The green data center
Traditional data centers consume large amounts of power and other resources (such as cooling water). Since data center capacity is set to continue growing, the pressure is on for businesses and service providers to be good environmental citizens and reduce the resource footprints of their facilities.
The Green Grid-inspired PUE metric, now widely used and quoted, has focused attention on power efficiency, with state-of-the-art data centers now operating at a PUE of around 1.1 — that is, a DCiE (Data Center Infrastructure Efficiency) of 90.9 percent.
Trends noted earlier such as the move from traditional on-premise data centers (with low server utilisation) to modern cloud facilities (with high server utilisation), the increasing use of low-power microservers and solid-state (or hybrid) storage, plus power-efficient modular data centers such as HP's POD 240a (dubbed the 'EcoPOD') will all make for more power-efficient data centers. Another initiative, the Facebook-inspired Open Compute Project, which promotes simplified open-source server and other IT infrastructure designs, may also contribute to improved data center power efficiency in due course, although it's still early days for this intiative.
Data center location can be a crucial consideration when it comes to environmental credentials. Last year, for example, ZDNet visited a modular data center in Iceland, for which operator Verne Global has secured a long-term, low-cost, 100 percent green (renewable hydroelectric/geothermal) electricity supply. Iceland's climate also makes it possible to use free cooling — using outside air to cool the IT equipment rather than installing power-consuming chiller units.
Some data center cooling schemes verge on the exotic. Intel, for example, has experimented with submerging servers in vats of mineral oil (see this video). Other more conventional ideas from Intel are summarised in this infographic:
Data Center Infrastructure Management (DCIM)
In order to run an IT operation efficiently and make informed decisions about future data center capacity, you need current and predicted data on the range of application workloads in your business, their capacity requirements and the comparative costs of running them on-premise, in the public cloud or as a hybrid solution. Otherwise you run the risk of over-provisioning and wasting money, or under-provisioning and suffering performance bottlenecks or outages. Both are undesirable and, for the IT manager, job-threatening outcomes.

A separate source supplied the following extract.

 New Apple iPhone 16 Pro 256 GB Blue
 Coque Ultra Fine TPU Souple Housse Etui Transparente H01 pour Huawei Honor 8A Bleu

The tools that help you gather and interpret these data go under the general heading of Data Center Infrastructure Management (DCIM). This is a recent and rapidly evolving sector with solutions ranging from those that concentrate on managing the data center's physical infrastructure (IT hardware, power and cooling systems, and so on), to more sophisticated solutions that not only provide an overview of the physical, virtual and cloud infrastructure but also offer predictive analytics and 'what-if' scenario planning. This latter category is sometimes called DCPM (Data Center Predictive Modelling).
Forrester Research's 2012 market overview of DCIM solutions identifies eight core functions: inventory and discovery; maintenance and change control; data collection; consolidated monitoring and display dashboard; alerts; control; trend analysis; and the ability to model future solutions for implementation. Emerging functions identified by Forrester are: power planning and capacity based on actual, not rated, usage; workload-aware modelling; network capacity modelling; and integration of DCIM with conventional IT management tools.
Forrester identifies three groups of DCIM vendors: Data center facility and infrastructure vendors (example: Emerson); IT management vendors (example: CA Technologies); and Systems hardware vendors (example: HP).